### WORK REQUIRED
Extract the stretch of lines that starts at the line with "SKINNOVA™ (K-BEAUTY) COLLAGEN JELLY CREAM" and ends at the last line of the data below. Give it exactly, without pictures.

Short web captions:
■ ■ ■ ■ ■

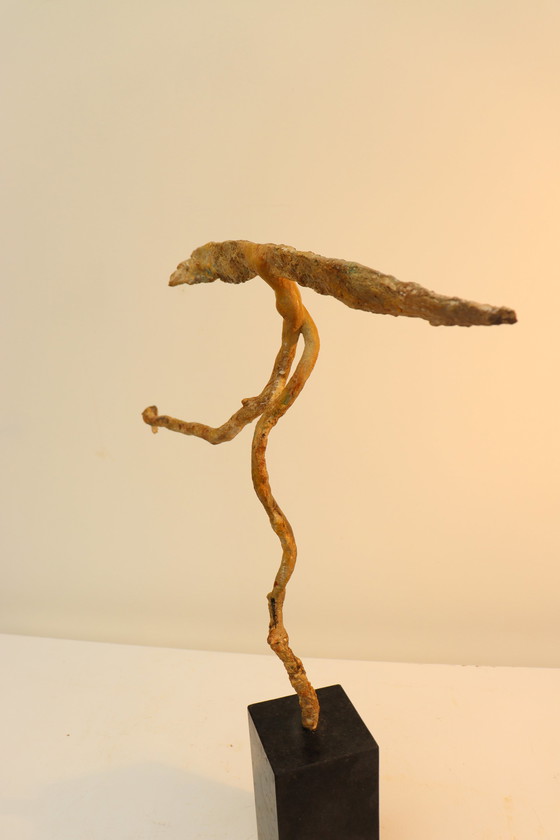 Image 1 of Engel der Freiheit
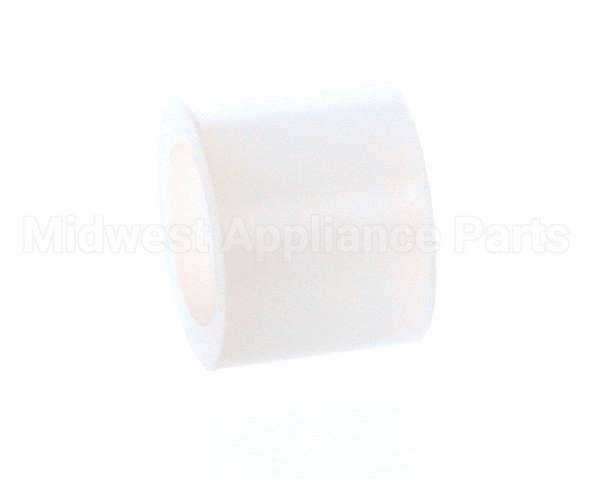 8135052 Meiko Joint Bushing Fr Koppelstange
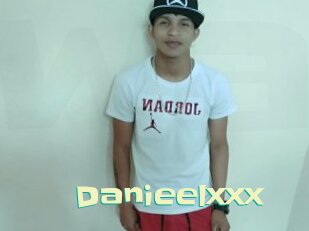 Danieelxxx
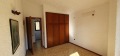 Продава КЪЩА, Гърция, Халкидики • 310000 € • 81598884 — Holmes.bg
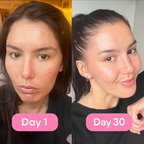 SKINNOVA™ (K-BEAUTY) COLLAGEN JELLY CREAM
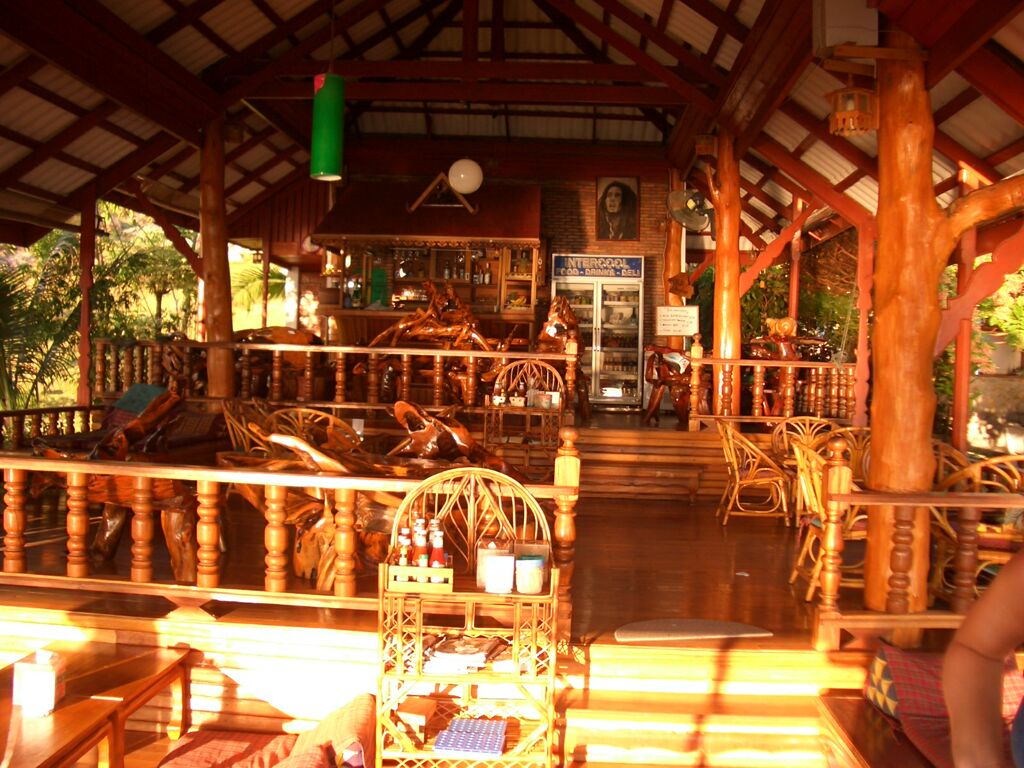 Click to See Next Image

■ ■ ■ ■ ■

### SOLUTION TO THE PROBLEM
 SKINNOVA™ (K-BEAUTY) COLLAGEN JELLY CREAM
 Click to See Next Image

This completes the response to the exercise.